=== Task to carry out ===
Look through the data below for the line with "First things first, let's" and the line with "This question was", then transcribe exactly from the first through the second, leaving out all pictures.

=== Provided records ===
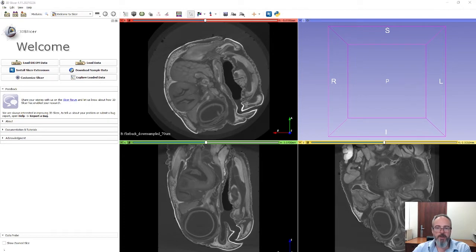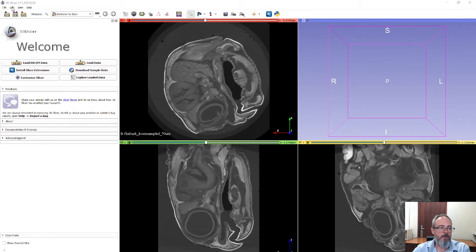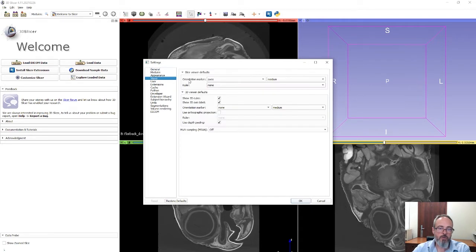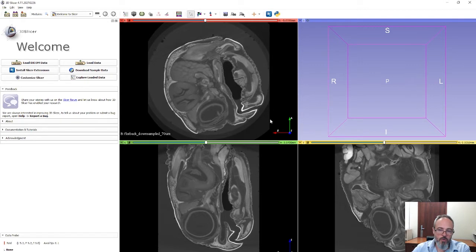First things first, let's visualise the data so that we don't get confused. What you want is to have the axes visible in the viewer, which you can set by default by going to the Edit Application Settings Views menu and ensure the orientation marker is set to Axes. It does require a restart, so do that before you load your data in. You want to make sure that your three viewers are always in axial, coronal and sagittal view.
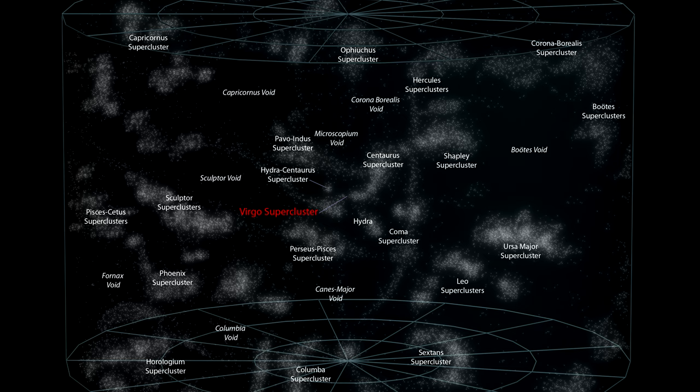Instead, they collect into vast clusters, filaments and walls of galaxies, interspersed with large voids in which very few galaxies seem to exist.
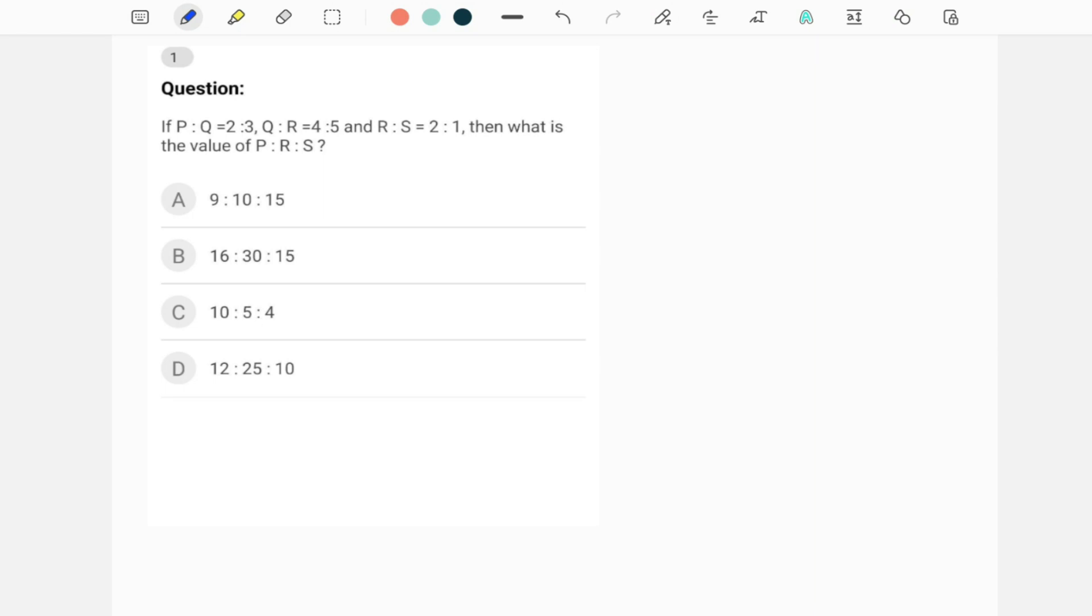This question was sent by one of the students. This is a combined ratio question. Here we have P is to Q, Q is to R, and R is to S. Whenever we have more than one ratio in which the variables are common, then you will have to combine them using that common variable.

==

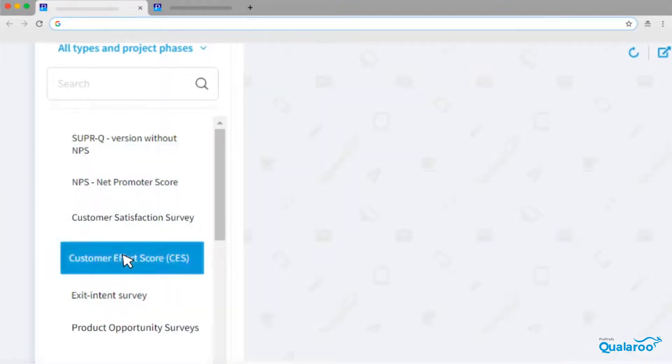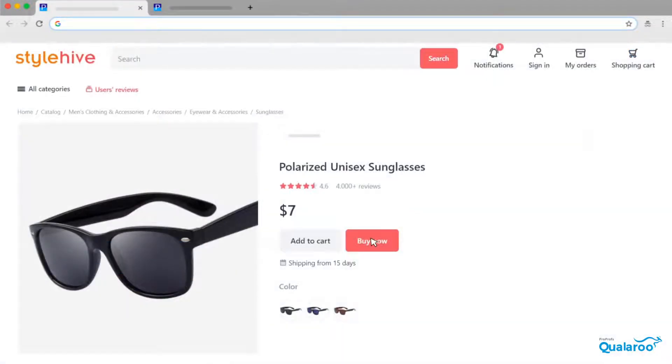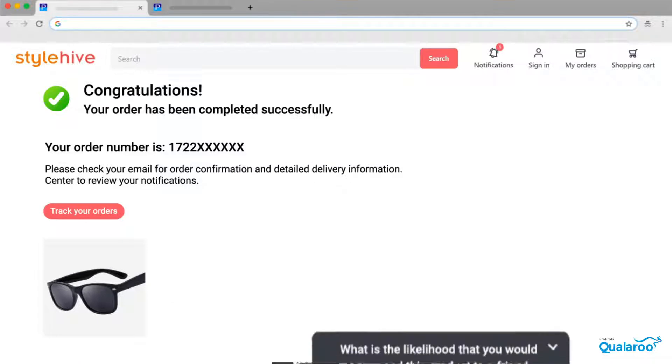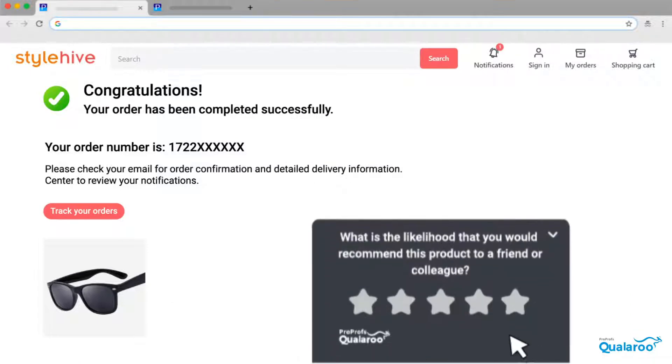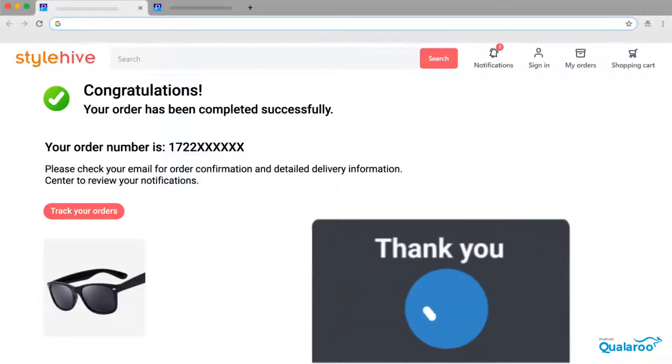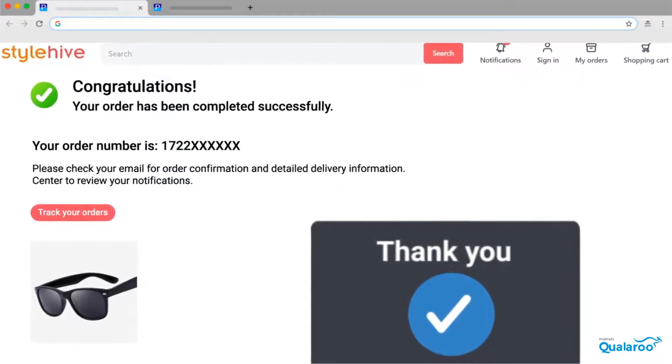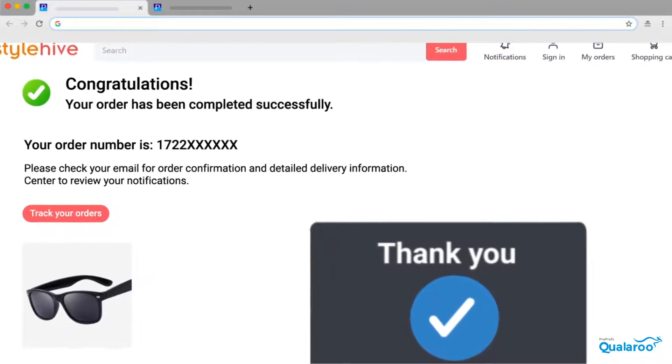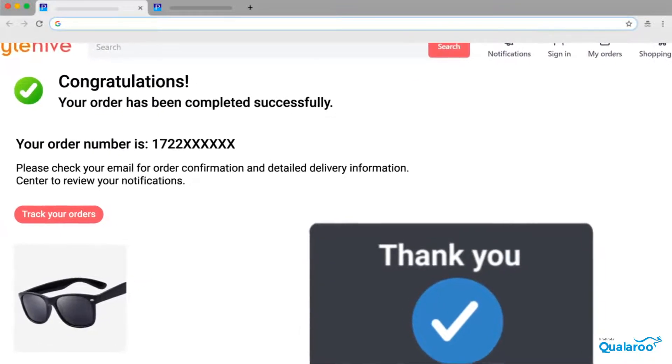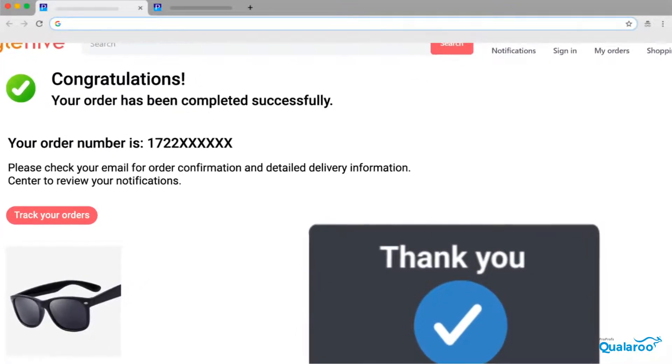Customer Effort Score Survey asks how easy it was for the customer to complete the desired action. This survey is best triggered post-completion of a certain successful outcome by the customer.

=== Answer space ===
First things first, let's visualise the data so that we don't get confused. What you want is to have the axes visible in the viewer, which you can set by default by going to the Edit Application Settings Views menu and ensure the orientation marker is set to Axes. It does require a restart, so do that before you load your data in. You want to make sure that your three viewers are always in axial, coronal and sagittal view.
Instead, they collect into vast clusters, filaments and walls of galaxies, interspersed with large voids in which very few galaxies seem to exist.
This question was sent by one of the students. This is a combined ratio question. Here we have P is to Q, Q is to R, and R is to S. Whenever we have more than one ratio in which the variables are common, then you will have to combine them using that common variable.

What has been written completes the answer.